**Aim of the exercise**:
Starting at the line that contains "Вебкам-шоу malybu_", transcribe each line through the end of the material below, exactly and nothing else, leaving out the pictures.

**Records provided**:
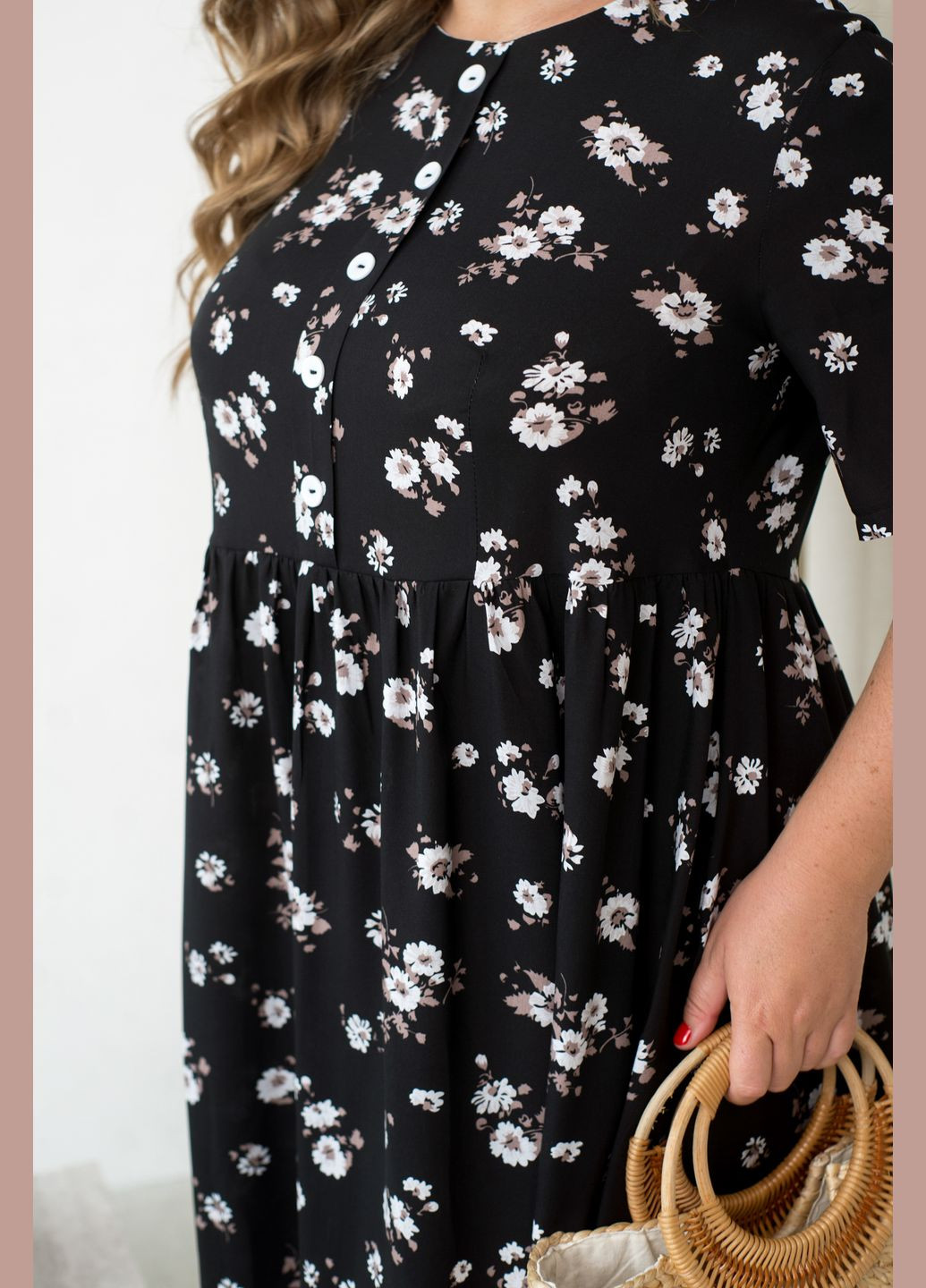 Черное повседневный платье Minova с цветочным принтом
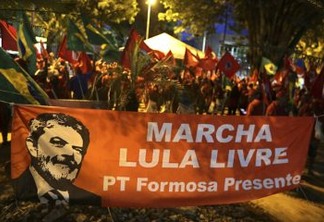 MST faz caminhada até Brasília para registro da candidatura de Lula no TSE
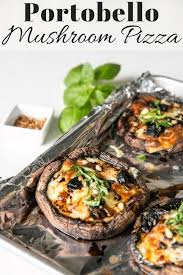 Portobello Mushroom Pizzas Recipe Pizza Recipes Homemade Stuffed Mushrooms Homemade Pizza Recipe Easy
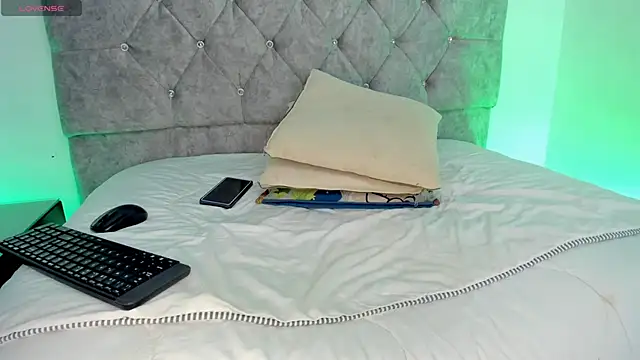 Вебкам-шоу malybu_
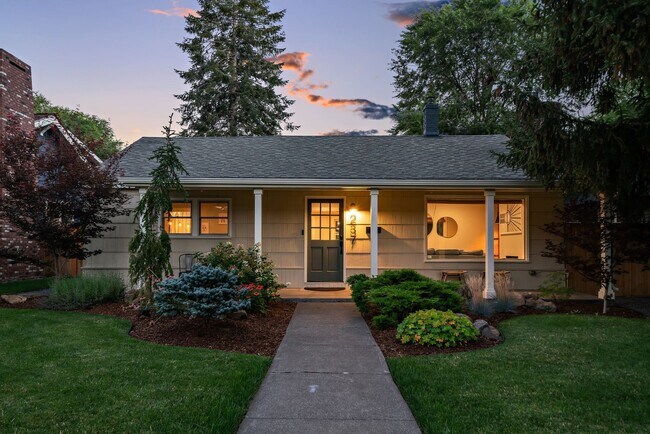 Building Photo - Furnished Downtown Bungalow!
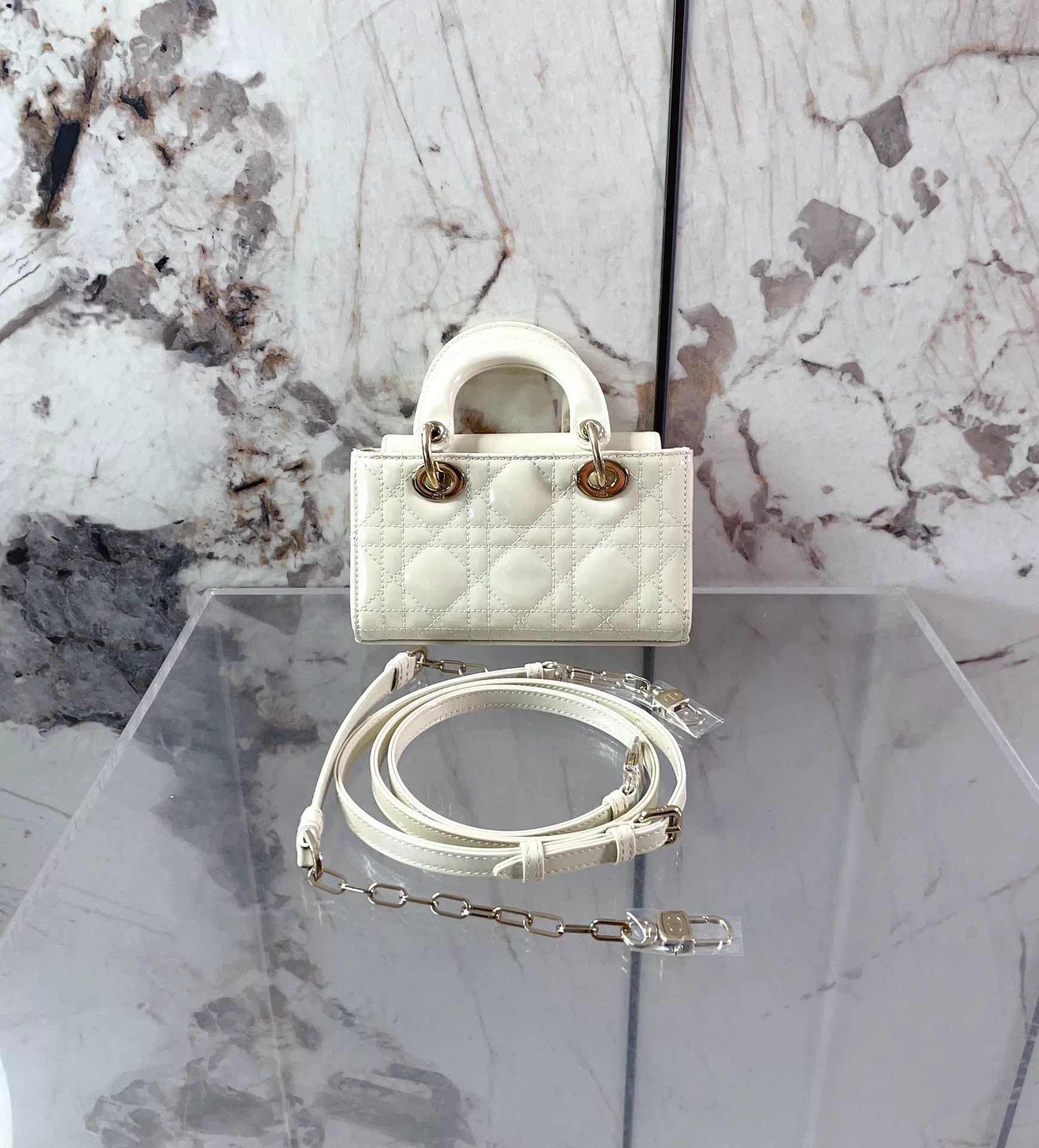 Dior Pre-loved Bag Very good condition Size ONE SIZE - 2 Thumbnail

**Answer to this problem**:
 Вебкам-шоу malybu_
 Building Photo - Furnished Downtown Bungalow!
 Dior Pre-loved Bag Very good condition Size ONE SIZE - 2 Thumbnail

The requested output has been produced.